According to The Economist, “In the three years since the end of the recession in mid-2009, growth averaged 2.2 percent, barely half the 4.2 percent average of the seven previous recoveries.” This begs the question: How fast should the economy be growing?

Economists, academics, and policy makers have been trying to figure that out. Many have started with an economic theory put forward by noted economist Milton Friedman in 1964. His “Plucking Model” postulates the business cycle is like a string attached to a board. The board represents “the ceiling of maximum feasible output.” Once in a while, the string is plucked down by recession and then it springs back. The idea is the depth of a recession will be mirrored by the strength of the recovery that follows.

At first blush, the Plucking Model doesn’t appear to apply to this recovery. The Great Recession was the deepest downturn since World War II, and the country hasn’t snapped back. According to several recent reports, there may be a reason for this. The ‘ceiling of optimal output’ – the fastest rate at which the economy is expected to grow – may be lower than it used to be. 

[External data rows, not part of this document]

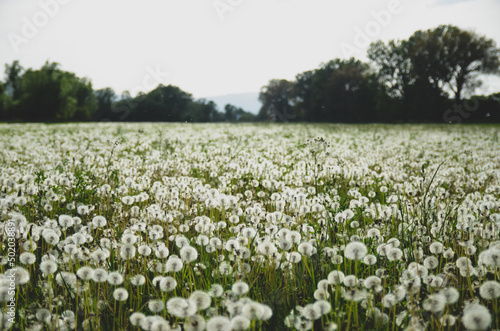 Dandelion flower on meadow. Dandelion seeds head in green field. Dandelion seed fluffy blow ball blowing in the wind.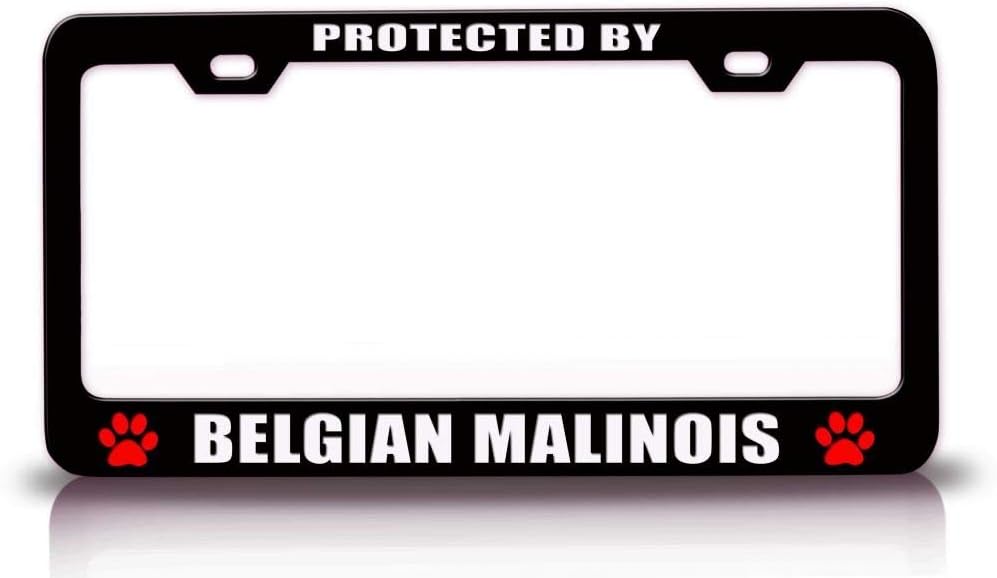 Protected by Belgian Malinois Dogs Metal Car SUV Truck License Plate Frame Bl c86
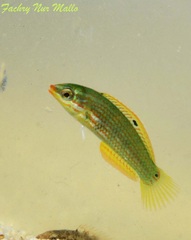 Schwatz's Wrasse photo 5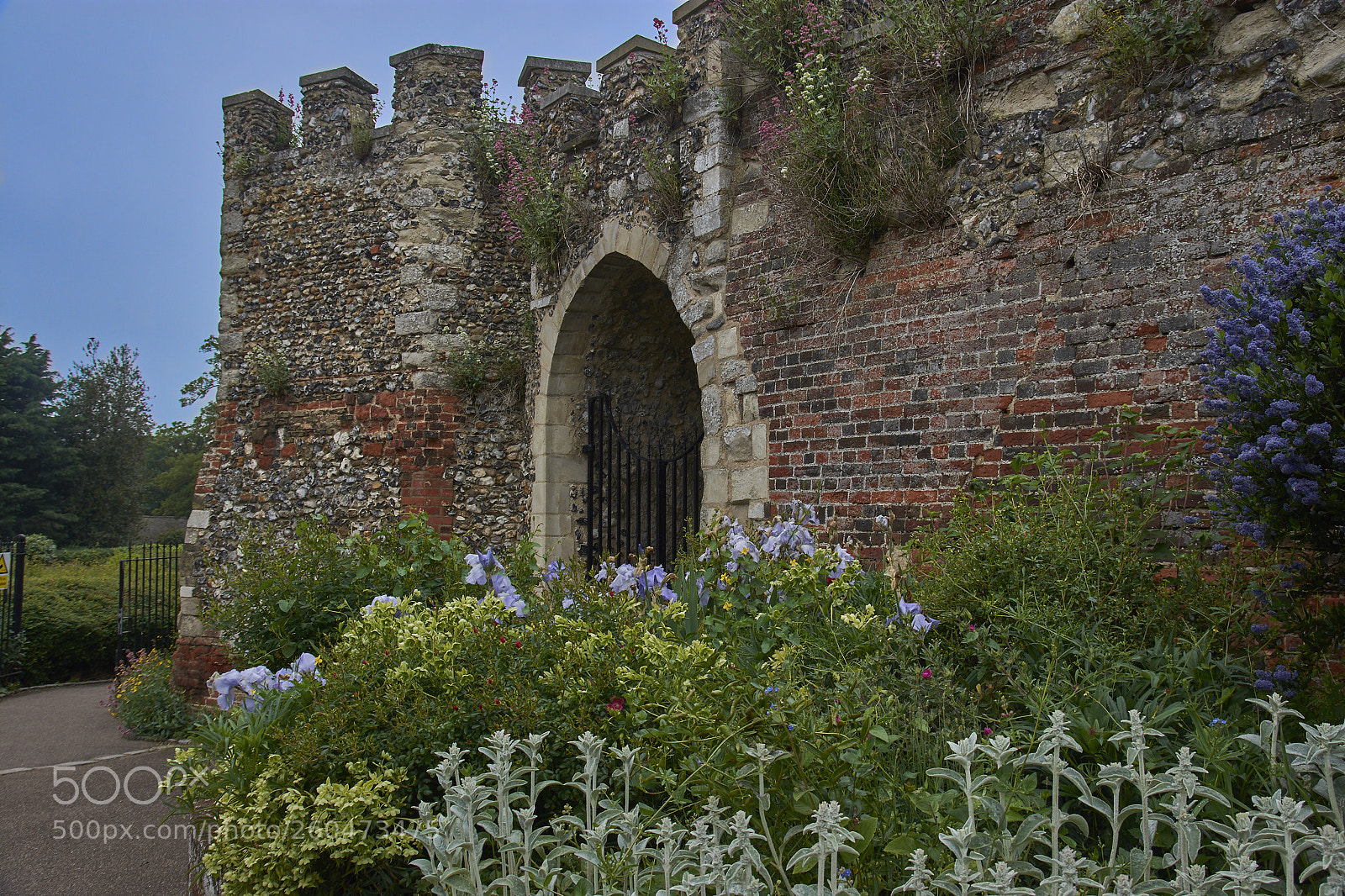 Nikon D7200 sample photo. Hertford castle photography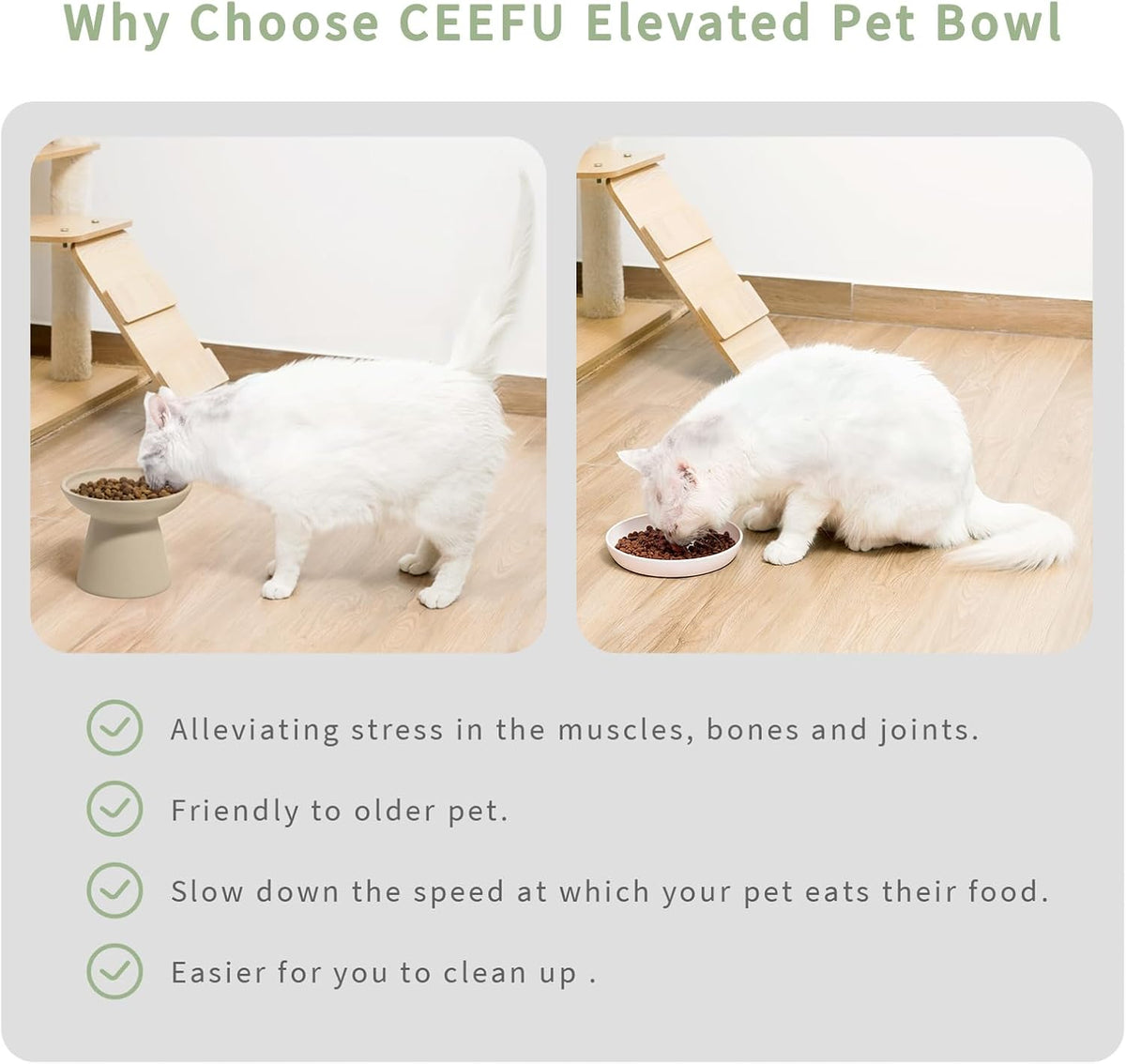 2-Pack Elevated Ceramic Cat Bowls Extra Wide for Food & Water – Essentials for Cats - Pottery Clay - image 4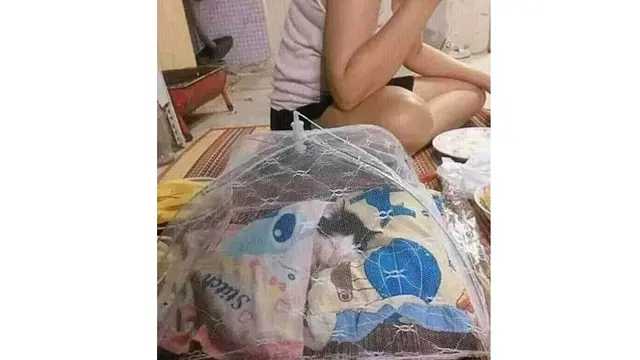 6 Kelakuan Orang Manjain Kucing Ini Bikin Ngakak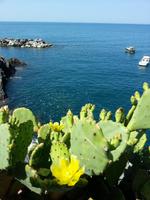 Impressionen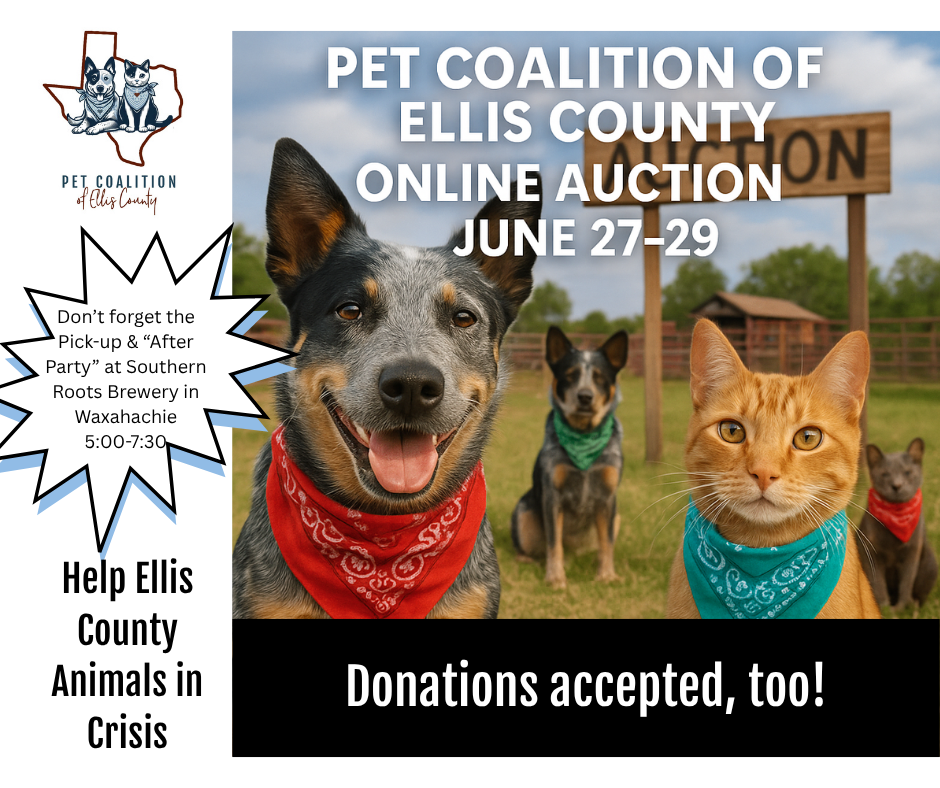 Campaign cover image for Paws for Hope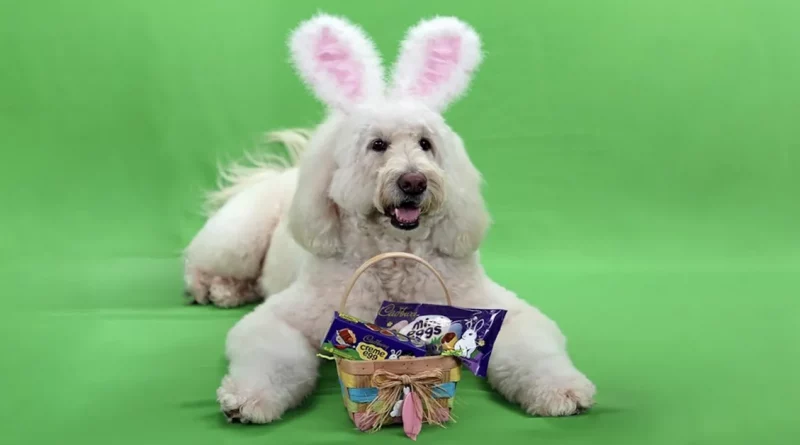 ¡El más nuevo Conejito Cadbury es… un perro de terapia llamado Annie Rose!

  • Productivity and Potential Output Before, During, and After the Great Recession, a working paper from the San Francisco Federal Reserve, found growth in the U.S. was slowing in the mid-2000s although the slowdown was largely unrecognised before the Great Recession.
  • What Accounts for the Slow Growth of the Economy After the Recession, a Congressional Budget Office study, determined about two-thirds of the difference between America’s current growth rate and the average growth after previous recoveries is due to long-term trends including demographic changes. The other one-third is credited to low demand for goods and services.
  • Disentangling the Channels of the 2007-2009 Recessions, by James Stock of Harvard University and Mark Watson of Princeton University, also found slower growth in the U.S. is largely the result of demographic trends such as a limited labour supply as Baby Boomers have begun to retire and the number of women joining the workforce has levelled off. 

Considered together, the reports seem to indicate U.S. economic growth (and that of the U.K) began slowing before the recession and, unless demographic trends shift, the U.S. and our own country, may continue to experience slower growth.